WHAT IS REQUIRED: Using the listing below, copy exactly the lines from the one containing "листов - фото 1" to the one containing "Dleto za asfalt", both lines included, and no others.

DATA FOR THIS TASK:
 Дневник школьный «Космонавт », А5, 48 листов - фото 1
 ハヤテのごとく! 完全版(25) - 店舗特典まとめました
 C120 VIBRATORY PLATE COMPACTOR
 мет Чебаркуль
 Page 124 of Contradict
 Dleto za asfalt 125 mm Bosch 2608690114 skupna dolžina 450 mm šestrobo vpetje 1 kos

--

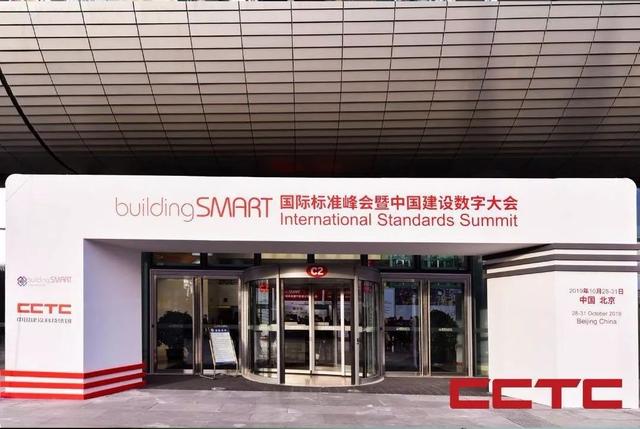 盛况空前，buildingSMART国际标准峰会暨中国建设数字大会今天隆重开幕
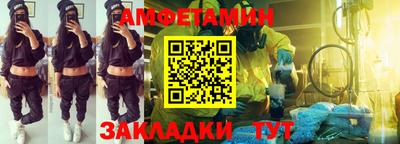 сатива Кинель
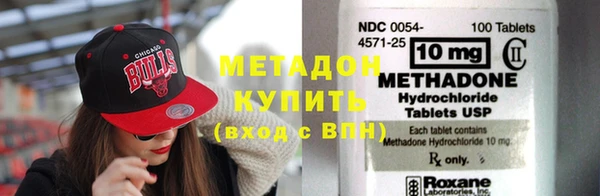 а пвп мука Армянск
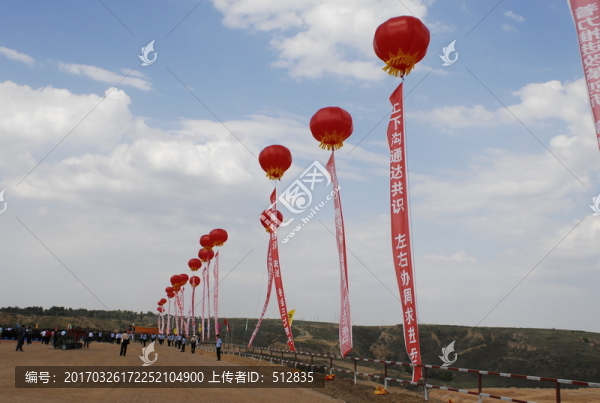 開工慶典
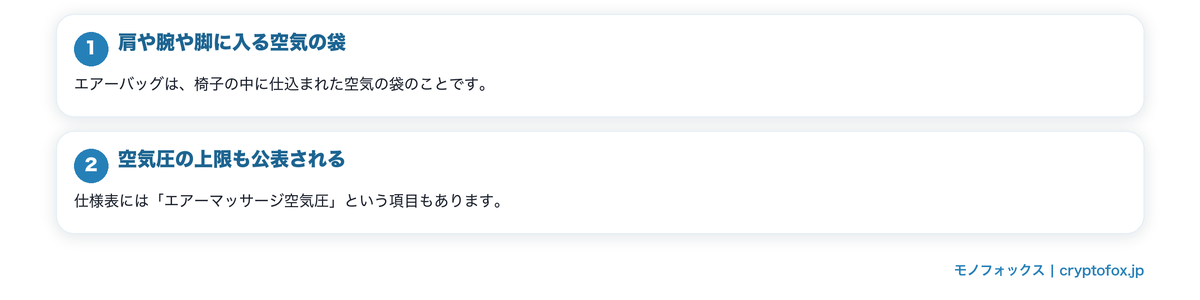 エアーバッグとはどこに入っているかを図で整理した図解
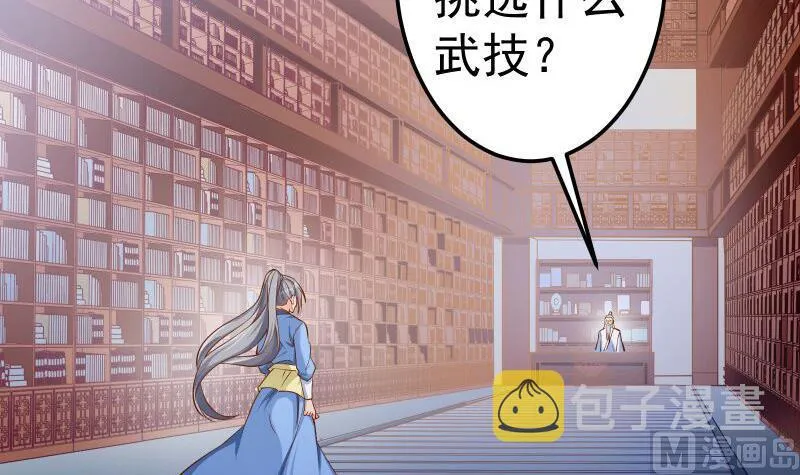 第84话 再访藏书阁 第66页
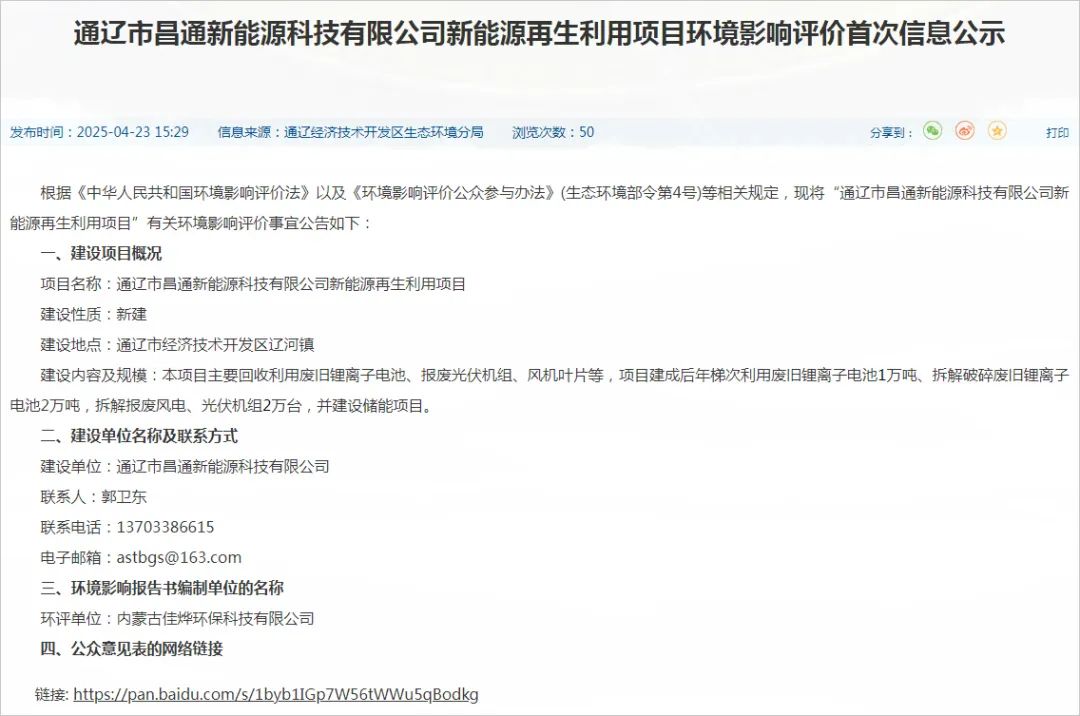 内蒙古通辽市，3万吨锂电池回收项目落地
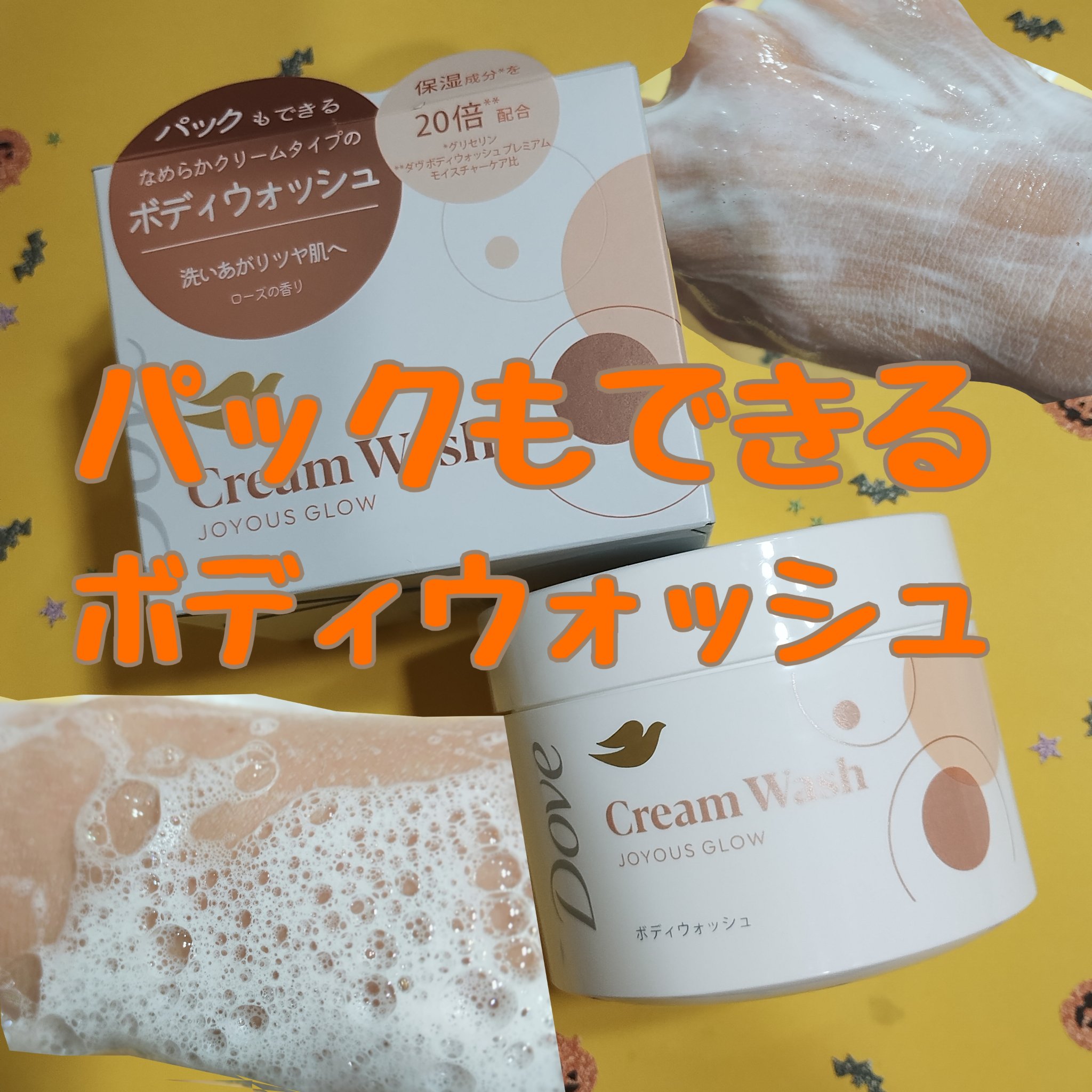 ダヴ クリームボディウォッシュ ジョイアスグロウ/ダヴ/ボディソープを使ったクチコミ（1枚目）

RESPONSE TO THIS TASK:
 Дневник школьный «Космонавт », А5, 48 листов - фото 1
 ハヤテのごとく! 完全版(25) - 店舗特典まとめました
 C120 VIBRATORY PLATE COMPACTOR
 мет Чебаркуль
 Page 124 of Contradict
 Dleto za asfalt 125 mm Bosch 2608690114 skupna dolžina 450 mm šestrobo vpetje 1 kos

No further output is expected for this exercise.